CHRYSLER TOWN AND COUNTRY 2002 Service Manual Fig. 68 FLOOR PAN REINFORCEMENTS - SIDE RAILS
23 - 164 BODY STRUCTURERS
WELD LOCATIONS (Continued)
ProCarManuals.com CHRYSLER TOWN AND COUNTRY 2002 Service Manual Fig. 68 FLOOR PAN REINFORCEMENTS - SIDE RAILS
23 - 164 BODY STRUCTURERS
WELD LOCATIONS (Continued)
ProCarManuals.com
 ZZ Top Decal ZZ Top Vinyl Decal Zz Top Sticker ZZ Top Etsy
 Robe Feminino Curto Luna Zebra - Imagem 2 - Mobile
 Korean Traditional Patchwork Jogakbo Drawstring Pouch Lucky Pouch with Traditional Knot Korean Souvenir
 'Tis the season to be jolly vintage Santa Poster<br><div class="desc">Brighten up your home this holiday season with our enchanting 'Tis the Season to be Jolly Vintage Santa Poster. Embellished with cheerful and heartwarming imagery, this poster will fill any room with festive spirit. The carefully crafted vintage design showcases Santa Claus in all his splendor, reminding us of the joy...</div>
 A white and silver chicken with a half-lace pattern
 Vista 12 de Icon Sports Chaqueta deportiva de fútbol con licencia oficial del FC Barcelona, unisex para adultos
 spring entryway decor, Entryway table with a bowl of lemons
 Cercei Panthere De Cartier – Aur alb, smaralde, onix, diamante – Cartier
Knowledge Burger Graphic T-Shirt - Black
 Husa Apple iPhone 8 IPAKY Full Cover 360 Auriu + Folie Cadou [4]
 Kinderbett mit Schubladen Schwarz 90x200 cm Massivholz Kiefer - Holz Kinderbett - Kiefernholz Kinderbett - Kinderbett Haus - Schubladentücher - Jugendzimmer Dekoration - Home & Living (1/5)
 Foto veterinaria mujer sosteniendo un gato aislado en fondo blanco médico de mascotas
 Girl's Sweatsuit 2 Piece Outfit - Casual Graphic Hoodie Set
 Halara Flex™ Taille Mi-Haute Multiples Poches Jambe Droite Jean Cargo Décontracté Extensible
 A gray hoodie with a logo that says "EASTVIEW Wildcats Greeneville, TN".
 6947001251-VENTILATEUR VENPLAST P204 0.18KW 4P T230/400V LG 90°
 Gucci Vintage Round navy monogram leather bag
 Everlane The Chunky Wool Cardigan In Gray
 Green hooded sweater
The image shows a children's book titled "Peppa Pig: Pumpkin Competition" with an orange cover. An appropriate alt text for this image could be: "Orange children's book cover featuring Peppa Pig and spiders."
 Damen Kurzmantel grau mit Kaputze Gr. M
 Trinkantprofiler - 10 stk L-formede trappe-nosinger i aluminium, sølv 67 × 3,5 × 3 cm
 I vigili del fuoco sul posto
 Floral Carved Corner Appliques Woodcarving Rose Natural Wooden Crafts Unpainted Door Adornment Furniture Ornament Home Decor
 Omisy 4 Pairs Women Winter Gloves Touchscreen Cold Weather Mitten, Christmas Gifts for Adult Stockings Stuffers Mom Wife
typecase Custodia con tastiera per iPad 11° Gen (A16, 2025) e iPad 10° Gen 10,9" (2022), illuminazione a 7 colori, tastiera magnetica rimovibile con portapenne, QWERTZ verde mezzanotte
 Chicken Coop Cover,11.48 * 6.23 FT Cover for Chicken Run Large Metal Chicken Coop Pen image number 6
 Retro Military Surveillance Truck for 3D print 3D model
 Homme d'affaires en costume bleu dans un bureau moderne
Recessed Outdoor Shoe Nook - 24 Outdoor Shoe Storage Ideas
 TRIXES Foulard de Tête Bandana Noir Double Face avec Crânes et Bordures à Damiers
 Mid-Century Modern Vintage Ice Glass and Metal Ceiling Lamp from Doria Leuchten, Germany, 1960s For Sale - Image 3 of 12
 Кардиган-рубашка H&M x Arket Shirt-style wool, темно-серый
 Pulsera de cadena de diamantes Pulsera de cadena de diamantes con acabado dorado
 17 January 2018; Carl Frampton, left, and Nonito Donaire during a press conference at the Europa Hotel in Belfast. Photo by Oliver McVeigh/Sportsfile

★ ★ ★

:: WHAT THE TASK ASKS ::
Print exactly, and only, the lines of the material above that run from the one containing "Pulsera de cadena de diamantes Pulsera" through its last line.

:: OUTPUT FOR THIS EXERCISE ::
 Pulsera de cadena de diamantes Pulsera de cadena de diamantes con acabado dorado
 17 January 2018; Carl Frampton, left, and Nonito Donaire during a press conference at the Europa Hotel in Belfast. Photo by Oliver McVeigh/Sportsfile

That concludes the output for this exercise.